Speaking at the group's conference in Oamaru yesterday, Mr Todhunter said calls to ban glyphosate indicated problems were likely to be encountered with future chemical use.

Other options needed to be worked on and he raised the option of the Department of Conservation using grazing as a tool.

It was not a new suggestion from the group, but he believed a new way of grazing could be used to save money while also helping the environment.

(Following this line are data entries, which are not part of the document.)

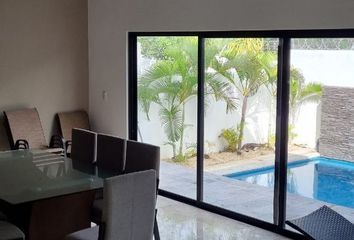 Casa en  Calle Aruba, Lagos Del Sol, Benito Juárez, Quintana Roo, 77567, Mex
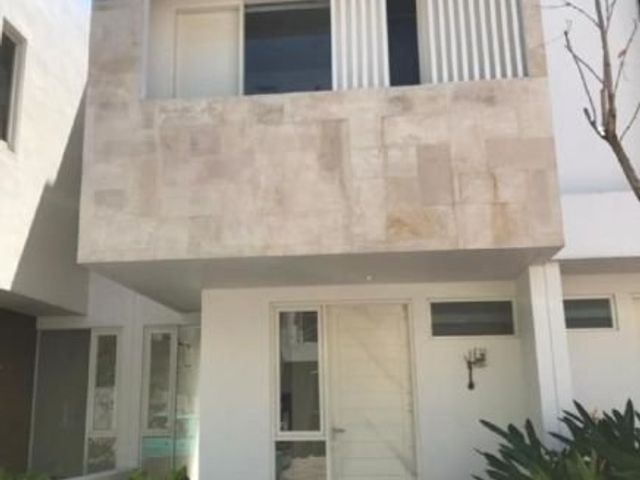 Rumah Dian Istana Cluater Oasia ROW Jalan 2 Mobil Include 2 unit AC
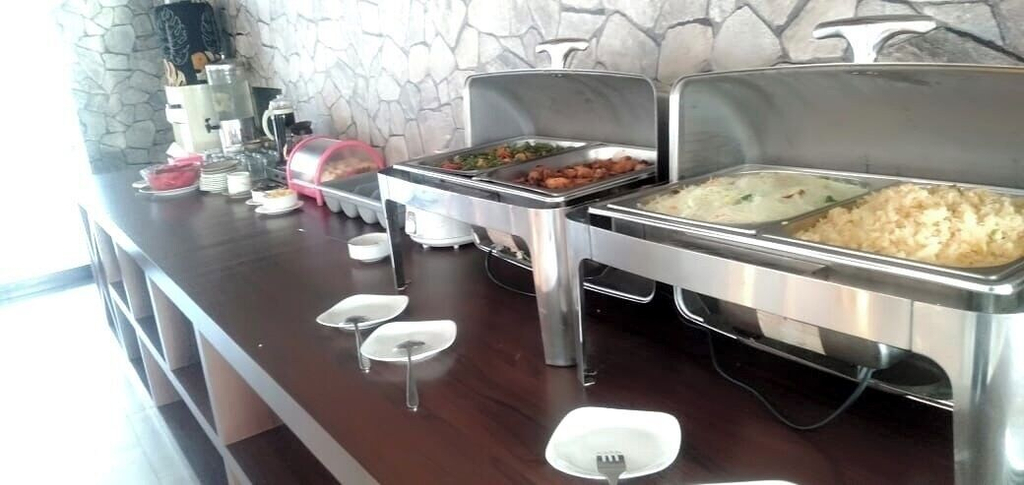 Breakfast buffet, SERRA HOTEL BATAM, Batam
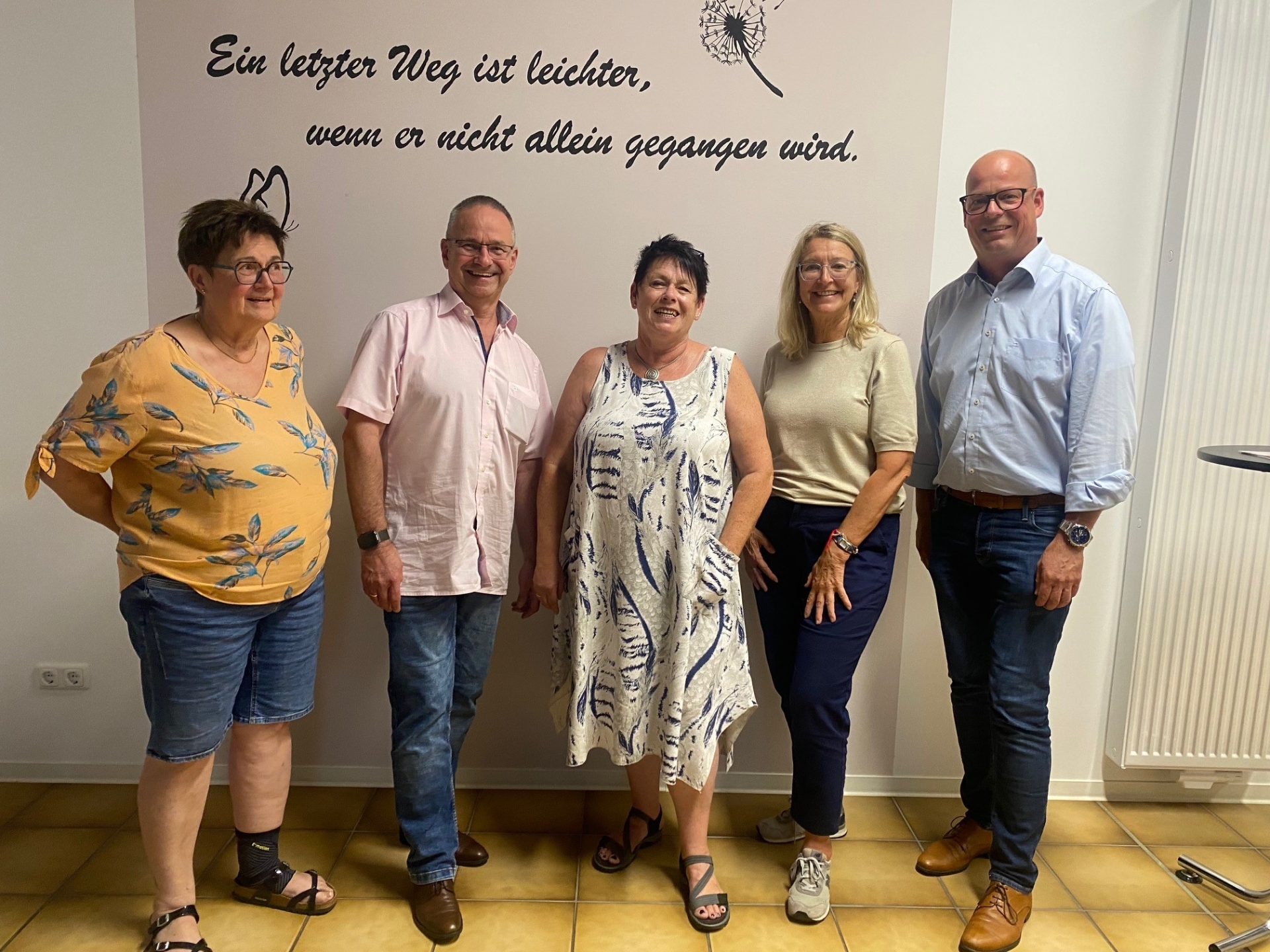 Der Vorstand der Hospizhilfe Goldener Grund: Brigitte Eisel (von links, Kassiererin), Werner Schlenz (Vorsitzender), Carmen Millbrodt (Schriftführerin), Dagmar Buchmann und Frank Groos (beide Beisitzer). Es fehlt Reiner Altenheimer (2. Vorsitzender) Foto: Buchmann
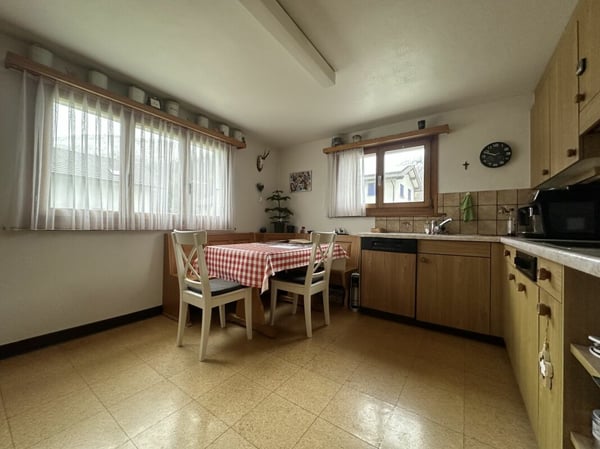 charmantes 5 1/2 Zi-Einfamilienhaus an idyllischer Wohnlage im Grünen 3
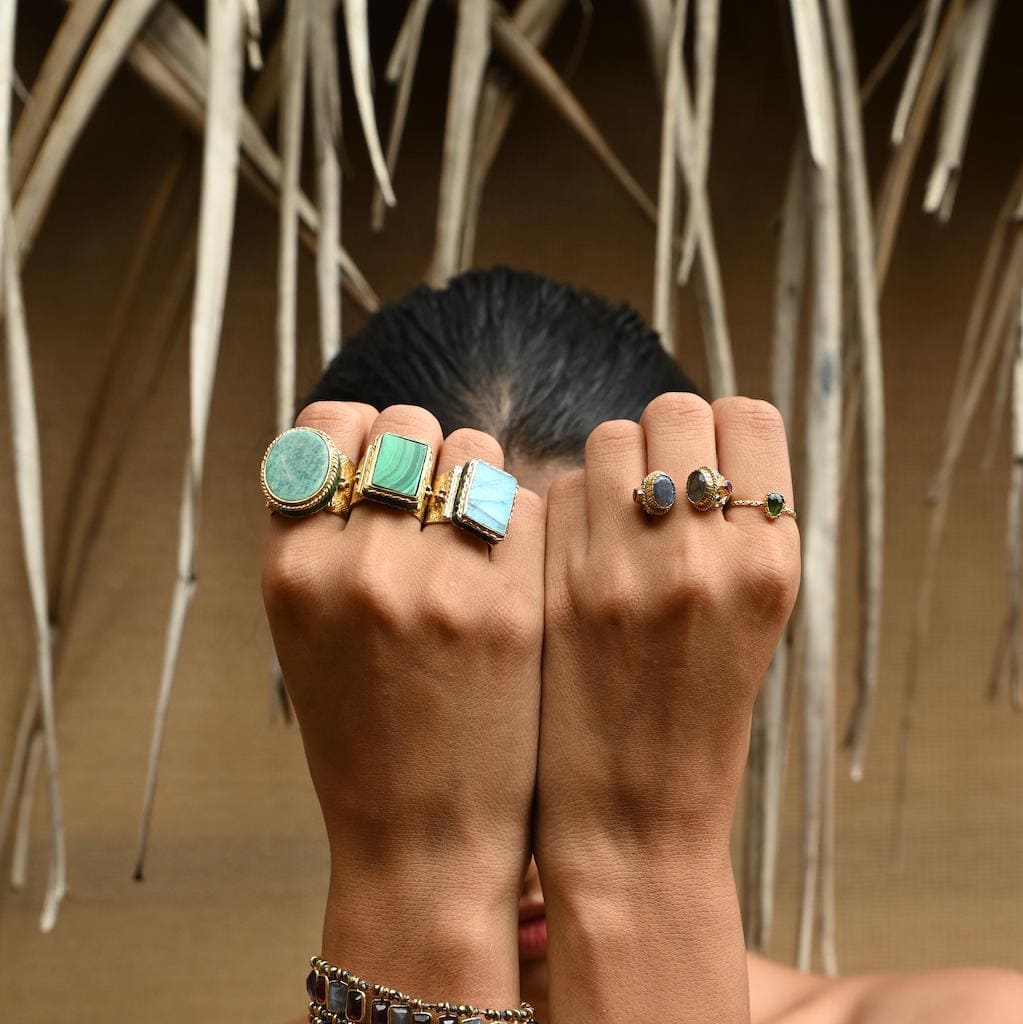JULIET OVALE Bague Chevalière Gravée Labradorite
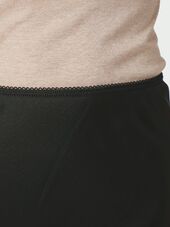 Mindie heavy sateen skirt, black
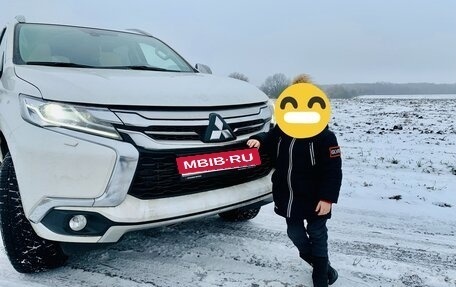 Mitsubishi Pajero Sport III рестайлинг, 2019 год, 3 100 000 рублей, 1 фотография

Doc was struggling to do some of the things it needed to do, like weed control - "where a dollar now can save a fortune later'' - due to funding issues.

Mr Todhunter suggested heavy grazing of small areas around infestations of weeds such as broom and conifers to suppress establishment.

"I believe there must be a better way than just chucking chemicals at it until the cows come home,'' he said.

If a buffer zone was fenced and heavily grazed, chemical application could be limited to any weeds that spread outside the zone, or persistent weeds inside it.

Barry Hanson, from Doc, said some research was being undertaken on using stock for management.

Doc was involved in a project with Environment Southland that was looking at using stock to control riverbed environments. Grazing was used as a tool on some occasions, he said.

George Ormond, of Pukaki Downs, a property at the "epicentre'' of the wilding tree spread in the Mackenzie Basin, said landowners must be incentivised to deal with wilding trees. They did not have the funding to deal with such a large problem.

Pukaki Downs, on the western shores of Lake Pukaki, had an initial strategy of containment but did not properly consider the ever-growing volume of seed. It discovered that unless the seed source was dealt with too, containment became "more and more difficult''.

At the time of wilding clearing, visible trees were only one-third or less of the volume of seedlings in the ground.

The property had entered its wilding forest into the emissions trading scheme and got funding to help deal with the issue. About $400,000 was being spent each year and that could not be funded without the ETS, he said.

There were promising new wilding control methods, including bulldozers with crushing forestry rollers. Pastoral intensification was potentially the cheapest and most effective method, Mr Ormond said.

He suggested re-evaluating government policies and rules, such as restrictions on burning, the granting of burn permits during least optimum times, and nitrogen and water policies that prevented the conversion of wilding-infested areas into pasture.